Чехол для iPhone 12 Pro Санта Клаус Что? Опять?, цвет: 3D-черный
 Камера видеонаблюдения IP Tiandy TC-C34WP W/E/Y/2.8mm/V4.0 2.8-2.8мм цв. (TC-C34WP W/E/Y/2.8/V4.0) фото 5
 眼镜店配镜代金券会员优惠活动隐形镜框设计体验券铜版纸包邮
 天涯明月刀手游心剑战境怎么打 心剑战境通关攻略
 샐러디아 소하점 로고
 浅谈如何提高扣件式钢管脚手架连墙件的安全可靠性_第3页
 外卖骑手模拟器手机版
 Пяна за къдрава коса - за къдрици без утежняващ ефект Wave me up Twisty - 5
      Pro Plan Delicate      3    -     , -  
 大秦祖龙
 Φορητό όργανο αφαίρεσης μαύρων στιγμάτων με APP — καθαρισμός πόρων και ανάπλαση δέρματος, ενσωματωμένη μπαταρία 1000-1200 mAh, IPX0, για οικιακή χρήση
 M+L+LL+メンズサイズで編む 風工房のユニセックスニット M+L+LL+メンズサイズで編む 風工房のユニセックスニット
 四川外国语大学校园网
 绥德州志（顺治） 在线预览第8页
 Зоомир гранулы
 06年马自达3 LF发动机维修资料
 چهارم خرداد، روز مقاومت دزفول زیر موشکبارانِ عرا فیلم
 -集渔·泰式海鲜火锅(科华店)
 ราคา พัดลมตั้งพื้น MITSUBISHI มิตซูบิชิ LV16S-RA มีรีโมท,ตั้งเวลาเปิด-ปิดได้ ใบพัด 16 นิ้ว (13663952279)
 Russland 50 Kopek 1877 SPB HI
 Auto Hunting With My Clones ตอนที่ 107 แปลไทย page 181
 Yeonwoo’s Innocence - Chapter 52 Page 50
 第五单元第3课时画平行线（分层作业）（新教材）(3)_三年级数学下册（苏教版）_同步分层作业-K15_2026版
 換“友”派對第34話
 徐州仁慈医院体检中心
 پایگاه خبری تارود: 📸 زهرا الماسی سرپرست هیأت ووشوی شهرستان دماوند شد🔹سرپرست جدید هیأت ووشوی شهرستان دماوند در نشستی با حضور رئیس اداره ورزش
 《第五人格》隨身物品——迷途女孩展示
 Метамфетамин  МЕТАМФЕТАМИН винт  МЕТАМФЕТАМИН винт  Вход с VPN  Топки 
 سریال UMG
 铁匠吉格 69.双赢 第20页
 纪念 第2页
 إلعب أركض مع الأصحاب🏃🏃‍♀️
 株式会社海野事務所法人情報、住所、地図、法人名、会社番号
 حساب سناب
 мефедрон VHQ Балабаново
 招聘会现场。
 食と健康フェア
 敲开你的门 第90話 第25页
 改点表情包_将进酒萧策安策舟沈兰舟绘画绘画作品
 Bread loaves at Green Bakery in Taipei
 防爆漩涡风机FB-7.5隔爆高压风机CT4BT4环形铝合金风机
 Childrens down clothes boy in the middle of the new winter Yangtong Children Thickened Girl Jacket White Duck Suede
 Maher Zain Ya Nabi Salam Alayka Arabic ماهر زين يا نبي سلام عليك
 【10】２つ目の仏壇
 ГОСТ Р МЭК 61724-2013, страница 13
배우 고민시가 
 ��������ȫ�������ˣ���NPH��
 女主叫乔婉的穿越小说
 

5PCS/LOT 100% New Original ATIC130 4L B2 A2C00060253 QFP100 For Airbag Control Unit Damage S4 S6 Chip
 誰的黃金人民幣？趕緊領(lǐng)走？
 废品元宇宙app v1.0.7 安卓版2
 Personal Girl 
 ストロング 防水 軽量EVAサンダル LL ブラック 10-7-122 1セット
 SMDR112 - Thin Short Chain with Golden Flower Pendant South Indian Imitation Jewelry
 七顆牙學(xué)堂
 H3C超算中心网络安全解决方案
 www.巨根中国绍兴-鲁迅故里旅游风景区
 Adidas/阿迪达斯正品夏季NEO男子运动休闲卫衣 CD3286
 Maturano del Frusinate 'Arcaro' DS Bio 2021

§ Your task: Find the line with "改点表情包_将进酒萧策安策舟沈兰舟绘画绘画作品" in the entries above. Retype it and each line after it, exactly, through the line with "Adidas/阿迪达斯正品夏季NEO男子运动休闲卫衣 CD3286", and stop there.

§ Response to this exercise:
 改点表情包_将进酒萧策安策舟沈兰舟绘画绘画作品
 Bread loaves at Green Bakery in Taipei
 防爆漩涡风机FB-7.5隔爆高压风机CT4BT4环形铝合金风机
 Childrens down clothes boy in the middle of the new winter Yangtong Children Thickened Girl Jacket White Duck Suede
 Maher Zain Ya Nabi Salam Alayka Arabic ماهر زين يا نبي سلام عليك
 【10】２つ目の仏壇
 ГОСТ Р МЭК 61724-2013, страница 13
배우 고민시가 
 ��������ȫ�������ˣ���NPH��
 女主叫乔婉的穿越小说
 

5PCS/LOT 100% New Original ATIC130 4L B2 A2C00060253 QFP100 For Airbag Control Unit Damage S4 S6 Chip
 誰的黃金人民幣？趕緊領(lǐng)走？
 废品元宇宙app v1.0.7 安卓版2
 Personal Girl 
 ストロング 防水 軽量EVAサンダル LL ブラック 10-7-122 1セット
 SMDR112 - Thin Short Chain with Golden Flower Pendant South Indian Imitation Jewelry
 七顆牙學(xué)堂
 H3C超算中心网络安全解决方案
 www.巨根中国绍兴-鲁迅故里旅游风景区
 Adidas/阿迪达斯正品夏季NEO男子运动休闲卫衣 CD3286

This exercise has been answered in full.